How Visual AI Enables HSE Improvement


At any given work site, categories of Health, Safety, and Environment (HSE) challenges facing workers are generally consistent, even if the particulars may vary. HSE officers know what they are up against from day to day—for example, the human factor, machine and worker proximity, insufficient real-time monitoring, etc.—but HSE improvement is very difficult to enact amid dynamic risk factors in a fast-paced operational environment. Incidents such as ergonomic-related injuries, “slips, trips, and falls,” collisions with vehicles, and PPE compliance violations continue to occur at high rates and with serious consequences despite common approaches to improve safety technology, training, and process refinements.

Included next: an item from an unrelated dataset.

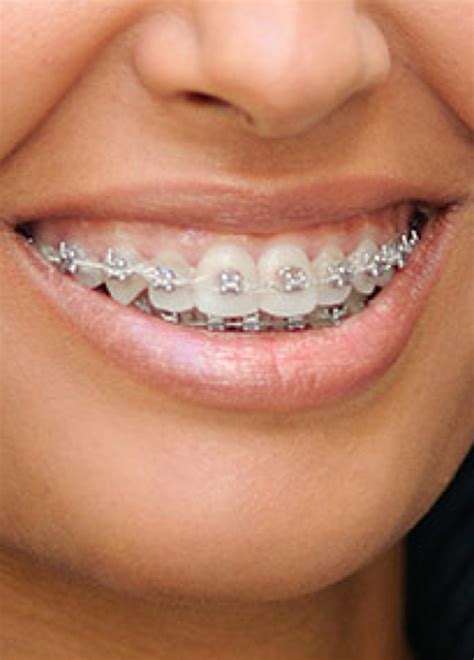 Orthodontist Atlanta Ga Marietta Ga Orthodontist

In a recent webinar hosted by EHS Today entitled “From Good to Great: How Visual AI Turns You Into a Safety Superstar,” our Vice President of Visual AI Advisor, Jodie Sasse, and Head of Product for Visual AI Advisor, Jaidev Amrite, detailed the critical drivers of HSE costs and how artificial intelligence can automatically detect real-time unsafe acts, near misses, and even help HSE officers intervene before expensive safety accidents arise.

Every dollar spent on HSE improvement yields a twofold return on investment

Sasse began by citing a study by LNS Research that showed how insufficient cross-functional collaboration, disparate systems that don’t talk to each other, and undefined and unstandardized business processes are among the top factors preventing companies from meeting their business objectives. These factors make it difficult to control the HSE environment. She noted how the human element plays a significant role in workplace incidents. Workers can get tired and distracted and may bring personal issues to work that takes their mind off the safety element: and it only takes a moment for disaster to strike. Human memory is biased and demonstrably forgetful. Consciously or unconsciously, humans can neglect to follow safety protocols. Sometimes, they assume accidents won’t happen to them or presume that their coworker is paying as close attention to safety as they would. Furthermore, a worker’s expertise level and ability to apply training effectively within their day-to-day work environment are also significant factors.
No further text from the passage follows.